Detecting Gender Stereotypes in Scratch Programming Tutorials
Isabella Graßl, Benedikt Fein, Gordon Fraser
TL;DR
This paper tackles the persistence of gender stereotypes in Scratch programming tutorials by developing a dedicated framework to identify 'gender stereotype smells' across characters, content, instructions, and programming concepts. It builds an automated toolchain to evaluate 73 real tutorials and 16 LLM-generated projects, revealing that about one-fifth contain stereotype smells and that current LLMs struggle to detect them without structured guidance. While LLMs show potential to aid in generating more inclusive materials, their bias-detection performance is inconsistent, often producing nuanced stereotypes that are harder for educators to notice. The work offers actionable guidance for teachers to assess teaching content and highlights avenues for refining LLM-based generation and evaluation to foster more inclusive computing education.
Abstract
Gender stereotypes in introductory programming courses often go unnoticed, yet they can negatively influence young learners' interest and learning, particularly under-represented groups such as girls. Popular tutorials on block-based programming with Scratch may unintentionally reinforce biases through character choices, narrative framing, or activity types. Educators currently lack support in identifying and addressing such bias.
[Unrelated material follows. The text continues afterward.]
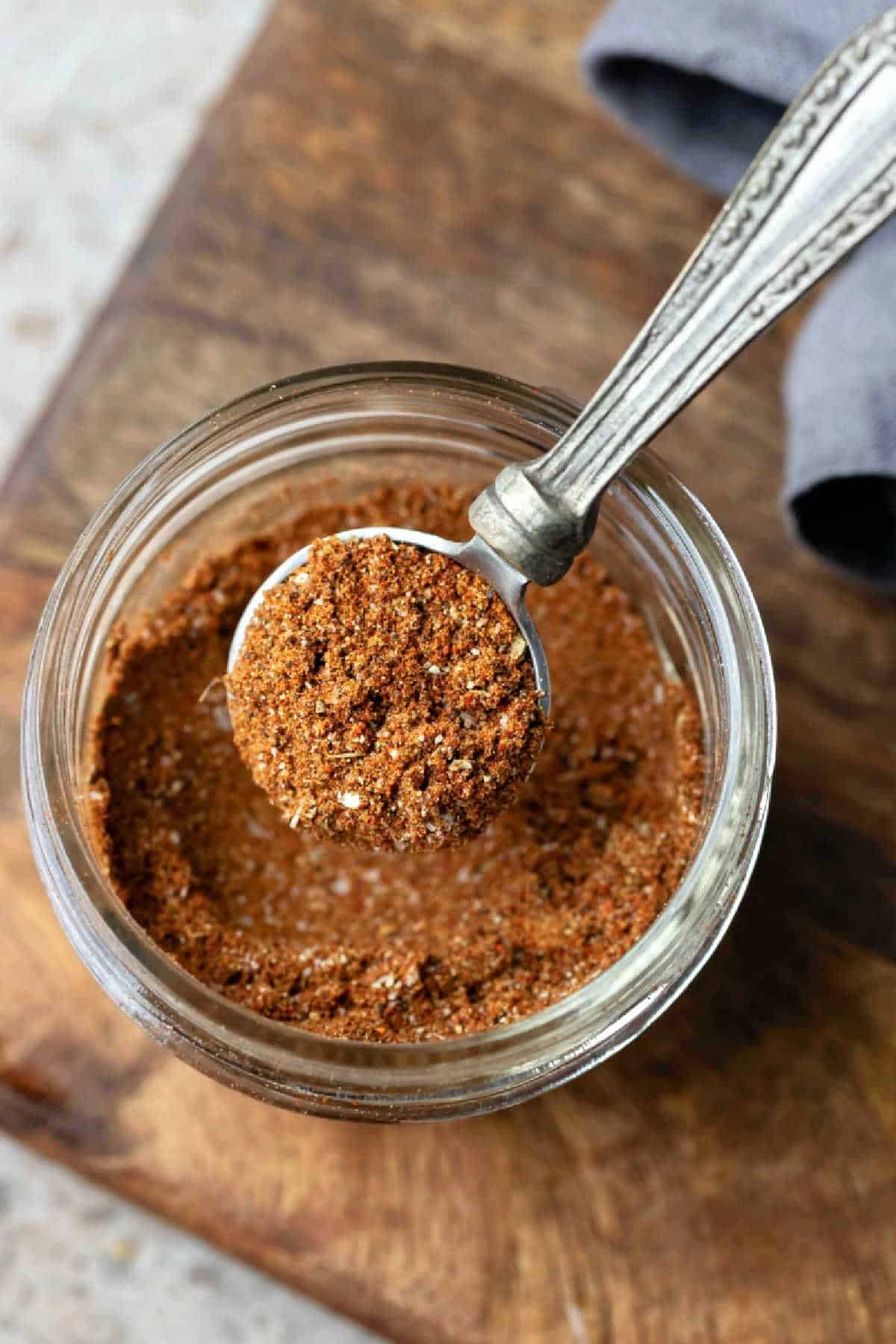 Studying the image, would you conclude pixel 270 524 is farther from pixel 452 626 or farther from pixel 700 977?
pixel 700 977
With large language models~(LLMs) increasingly used to generate teaching materials, this problem is potentially exacerbated by LLMs trained on biased datasets. However, LLMs also offer an opportunity to address this issue. In this paper, we explore the use of LLMs for automatically identifying gender-stereotypical elements in Scratch tutorials, thus offering feedback on how to improve teaching content. We develop a framework for assessing gender bias considering characters, content, instructions, and programming concepts. Analogous to how code analysis tools provide feedback on code in terms of code smells, we operationalise this framework using an automated tool chain that identifies *gender stereotype smells*. Evaluation on 73 popular Scratch tutorials from leading educational platforms demonstrates that stereotype smells are common in practice. LLMs are not effective at detecting them, but our gender bias evaluation framework can guide LLMs in generating tutorials with fewer stereotype smells.